Au moment où il est visé, le convoi de WCK roule vers un centre logistique à Rafah, à la frontière de l’Egypte, en provenance d’un entrepôt à Deir Al-Balah, où l’ONG organise des déchargements de vivres par voie maritime. Ses trois véhicules sont clairement identifiables comme appartenant à l’organisation humanitaire, et la route qu’ils empruntent a été approuvée au préalable par les autorités israéliennes. Las : dans une salle de commandement israélienne, des militaires ordonnent de tirer sur le convoi. Trois fois, contre chacun des véhicules, alors que les victimes essaient tant bien que mal de transférer les blessés d’une voiture à l’autre pour les mettre hors de danger. Bilan de cet acharnement : sept morts, soit la totalité des passagers du convoi. Un Palestinien, trois Britanniques, une Australienne, un Polonais, un Américano-Canadien, âgés de 25 ans à 57 ans. «Je suis consternée que nous, World Central Kitchen, et le monde, ayons perdu de belles vies aujourd’hui à cause d’une attaque ciblée des forces israéliennes», s’est émue la présidente de l’ONG, Erin Gore.
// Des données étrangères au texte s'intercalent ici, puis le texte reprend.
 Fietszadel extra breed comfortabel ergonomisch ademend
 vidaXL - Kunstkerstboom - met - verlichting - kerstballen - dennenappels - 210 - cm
«Le résultat inévitable de la façon dont la guerre est menée»
Quant à l’homme armé identifié par Tsahal, il est resté avec son camion dans l’entrepôt de Deir Al-Balah, et n’a donc pas été atteint par les frappes. «C’est frustrant. Nous faisons tout ce qui est en notre pouvoir pour frapper les terroristes avec précision, et en fin de compte, les unités sur le terrain décident de lancer des attaques sans aucune préparation, dans des cas qui n’ont rien à voir avec la protection de nos forces armées», déplore une source sécuritaire citée par Haaretz, dans une tentative de cantonner le drame à une erreur individuelle. Le quotidien de la gauche israélienne indique que Tsahal considère cet événement comme «un incident grave qui risque d’avoir des effets considérables sur la poursuite des combats à Gaza, en raison de la détérioration de la légitimité internationale» de l’opération israélienne dans l’enclave palestinienne, où près de 33 000 personnes ont été tuées depuis le 7 octobre, selon le ministère de la Santé à Gaza, contrôlé par le Hamas.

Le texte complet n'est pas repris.